*Task*: What you write must be the lines from the one holding "Румынская миоритская овчарка" through the final line of the records below, reproduced exactly, minus the pictures.

*Source records*:
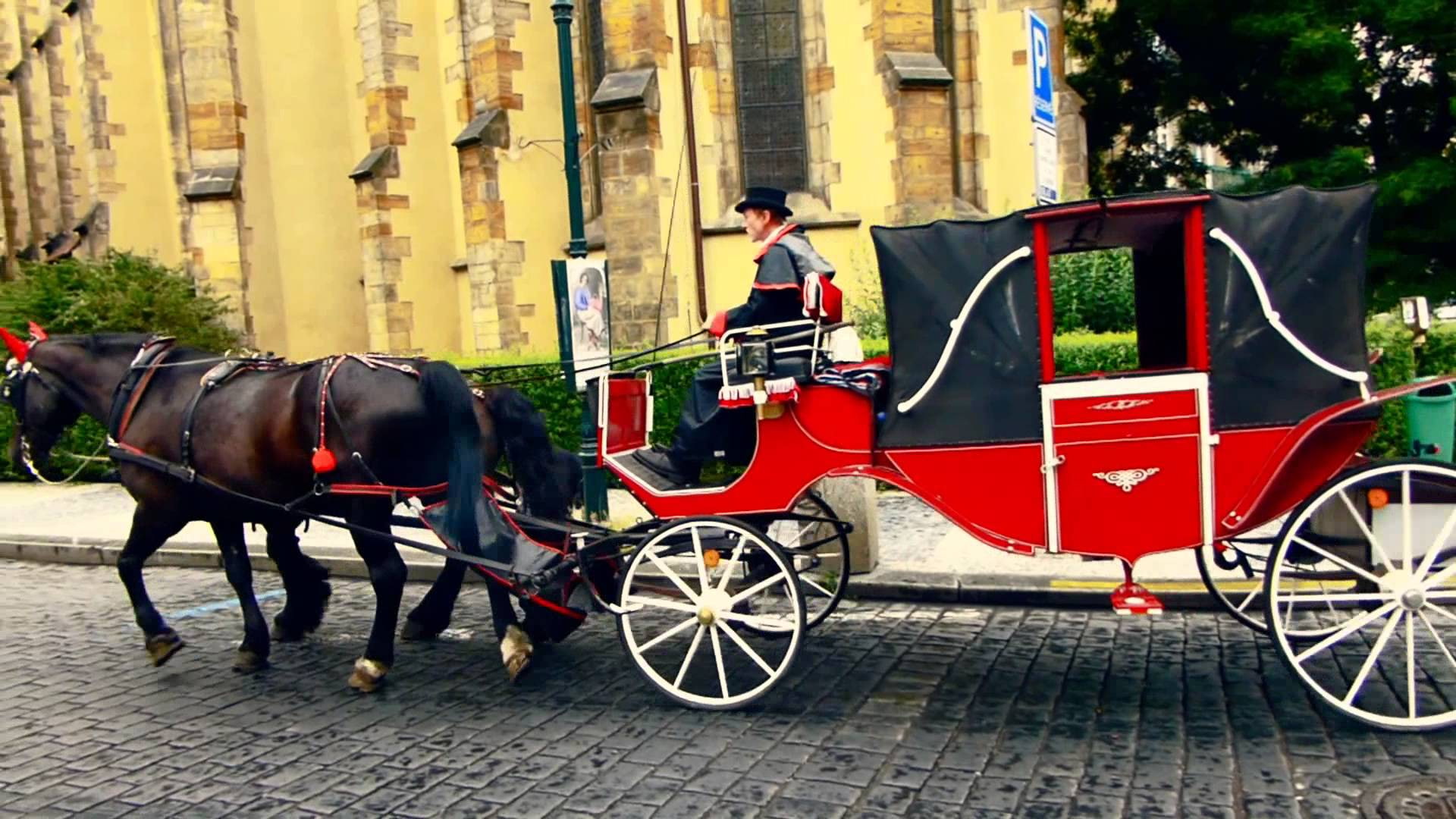 carruaje, 1080P, transporte, caballos, chofer, HD Wallpaper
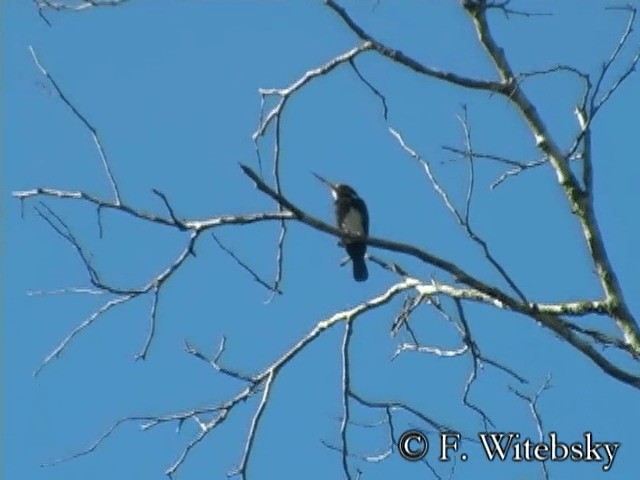 Brown Jacamar - ML201611481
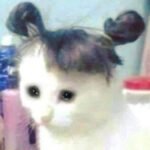 Foto del profilo di PuppyDestr0yer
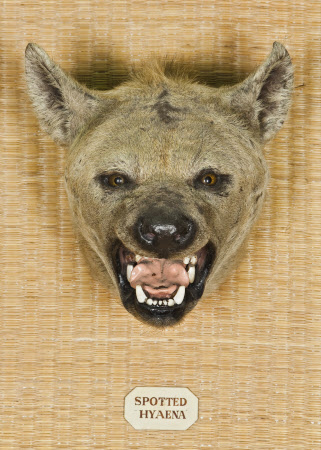 Hyena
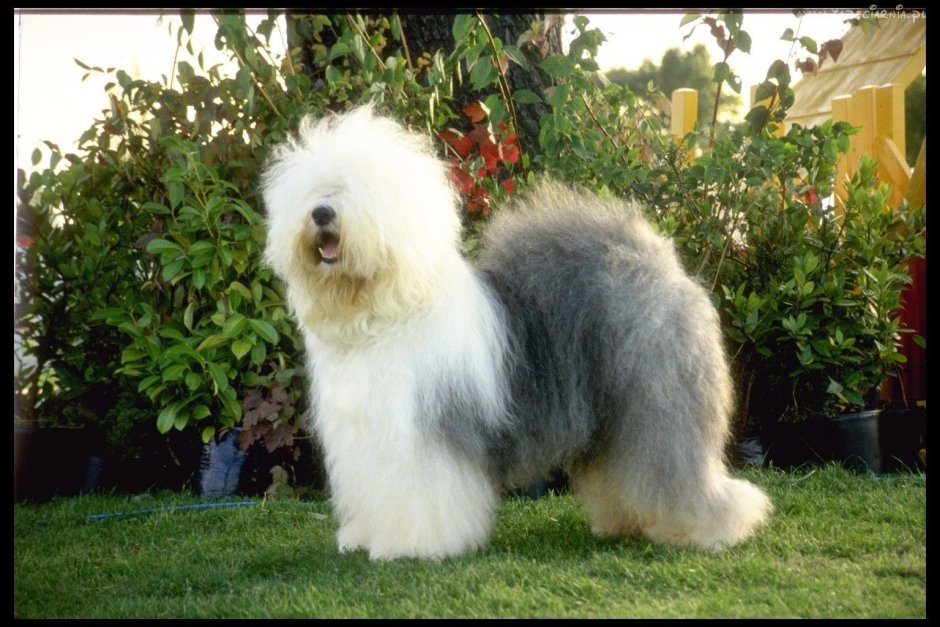 Румынская миоритская овчарка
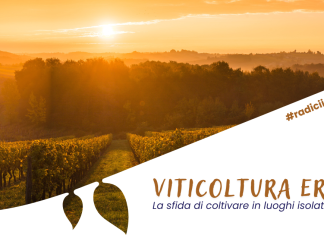 Viticoltura Eroica Viticoltura Eroica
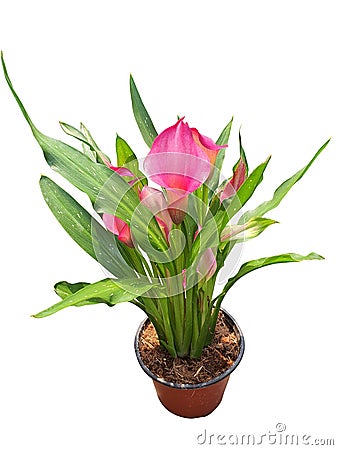 Zantedeschia or Calla Lily It is an elegant flower with a variety of colors, native to Africa. Stock Photo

*Answer for this exercise*:
 Румынская миоритская овчарка
 Viticoltura Eroica Viticoltura Eroica
 Zantedeschia or Calla Lily It is an elegant flower with a variety of colors, native to Africa. Stock Photo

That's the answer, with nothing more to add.